Directions for this task:
Below this line are records; write out exactly the lines from the one containing "Image 1 : 1922-P PEACE DOLLAR" through the one containing "Uvex City 4", with the pictures left out.

Dataset records:
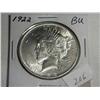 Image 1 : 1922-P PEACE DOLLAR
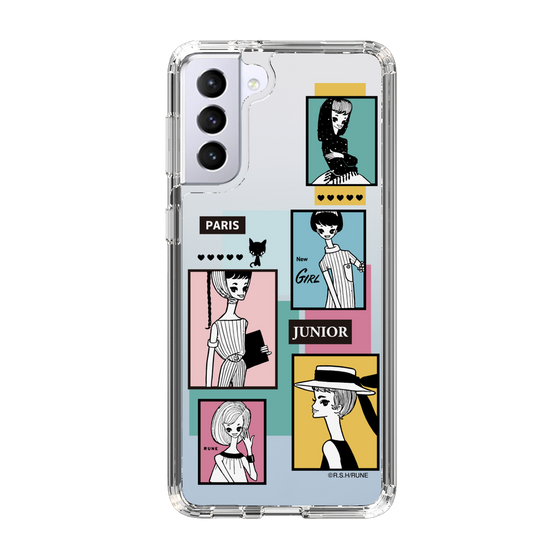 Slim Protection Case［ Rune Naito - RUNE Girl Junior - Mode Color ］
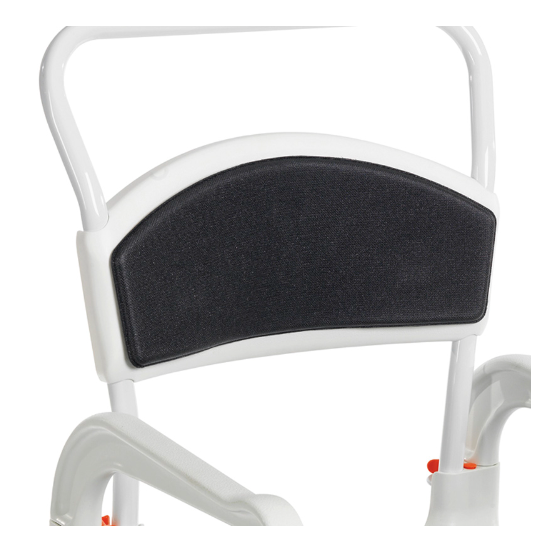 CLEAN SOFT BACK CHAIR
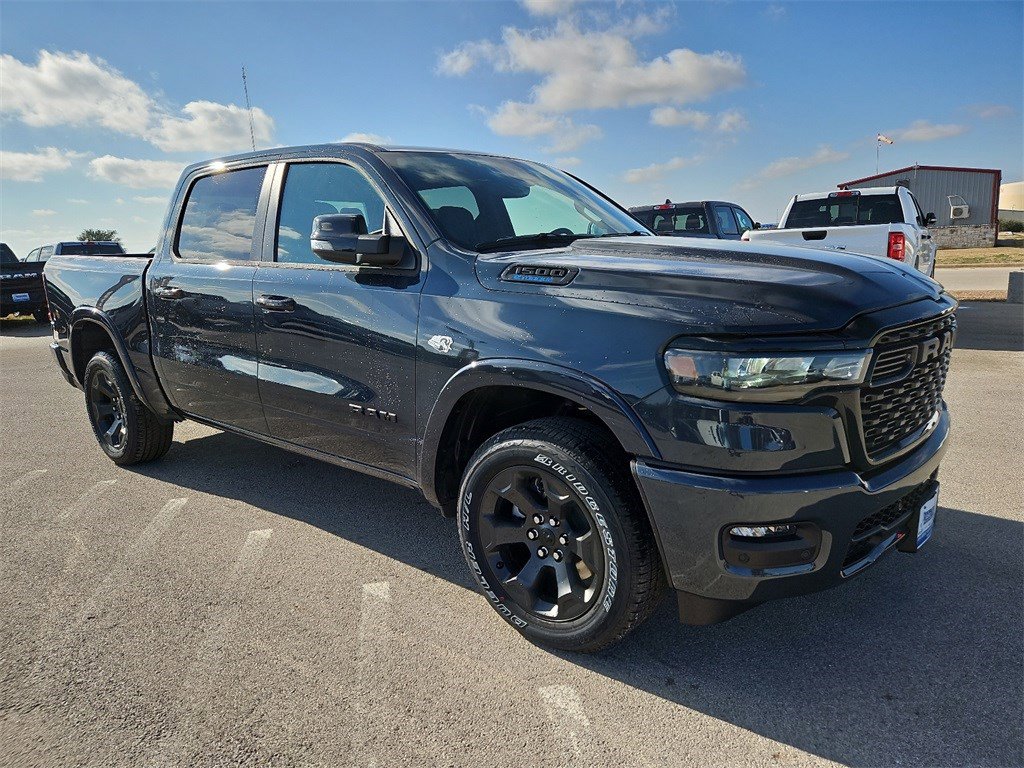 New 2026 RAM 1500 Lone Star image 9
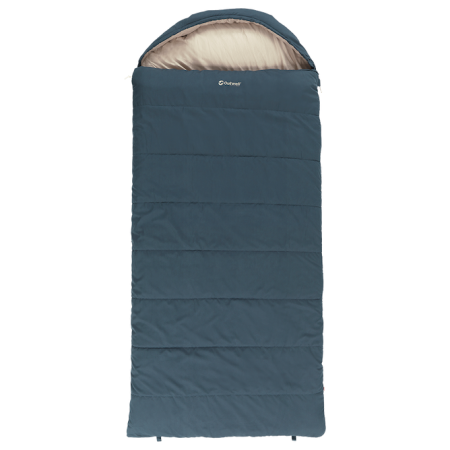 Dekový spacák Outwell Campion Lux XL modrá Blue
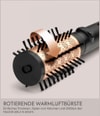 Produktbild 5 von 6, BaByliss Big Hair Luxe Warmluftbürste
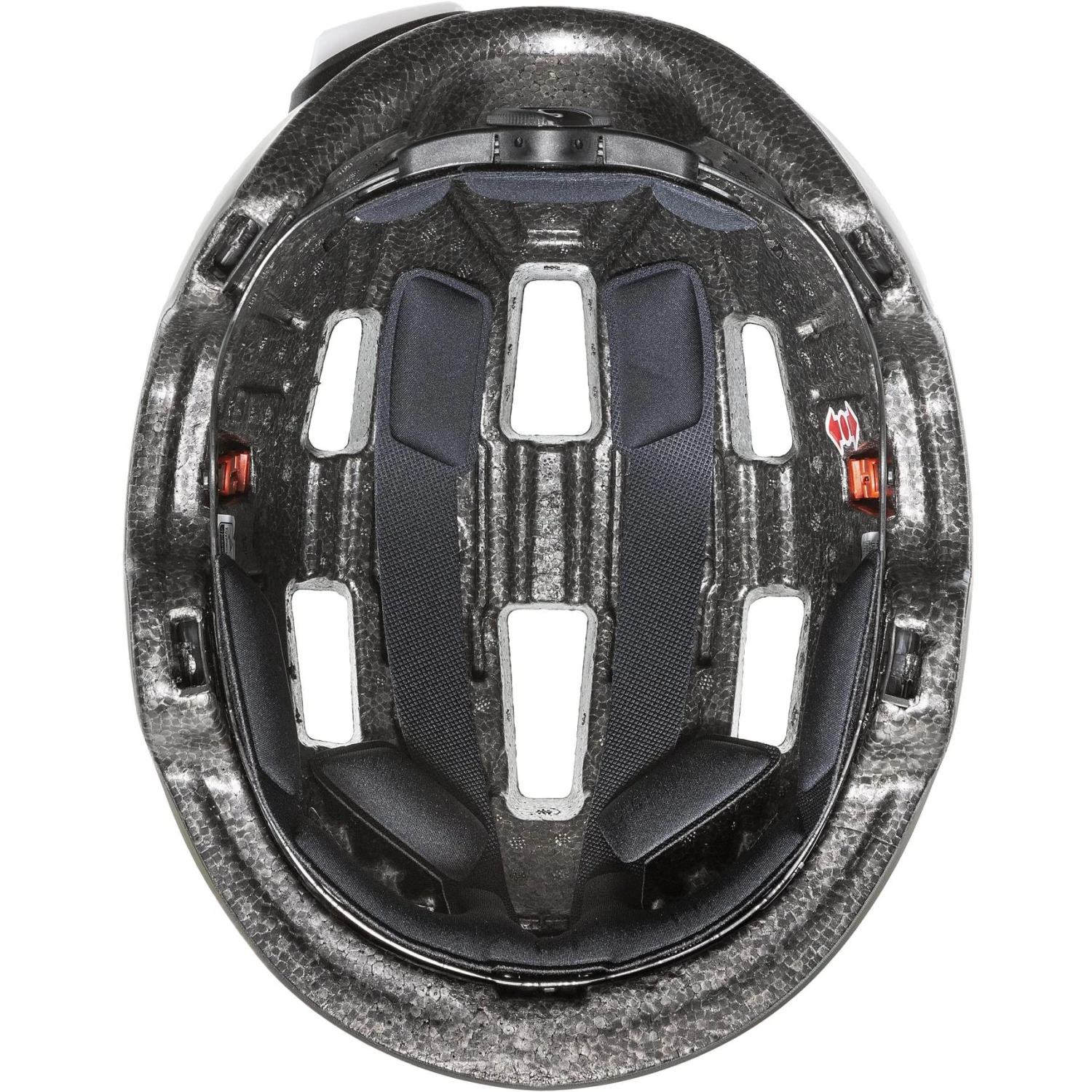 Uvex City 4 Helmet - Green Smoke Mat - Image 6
* * *
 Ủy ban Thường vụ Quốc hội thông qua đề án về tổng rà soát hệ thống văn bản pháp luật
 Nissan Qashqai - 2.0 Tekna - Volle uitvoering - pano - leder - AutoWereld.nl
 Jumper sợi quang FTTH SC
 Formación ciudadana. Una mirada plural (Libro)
...
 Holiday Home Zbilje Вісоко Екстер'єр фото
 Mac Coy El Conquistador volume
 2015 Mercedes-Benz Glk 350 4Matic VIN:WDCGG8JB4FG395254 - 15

Solution below:
 Image 1 : 1922-P PEACE DOLLAR
 Slim Protection Case［ Rune Naito - RUNE Girl Junior - Mode Color ］
 CLEAN SOFT BACK CHAIR
 New 2026 RAM 1500 Lone Star image 9
 Dekový spacák Outwell Campion Lux XL modrá Blue
 Produktbild 5 von 6, BaByliss Big Hair Luxe Warmluftbürste
 Uvex City 4 Helmet - Green Smoke Mat - Image 6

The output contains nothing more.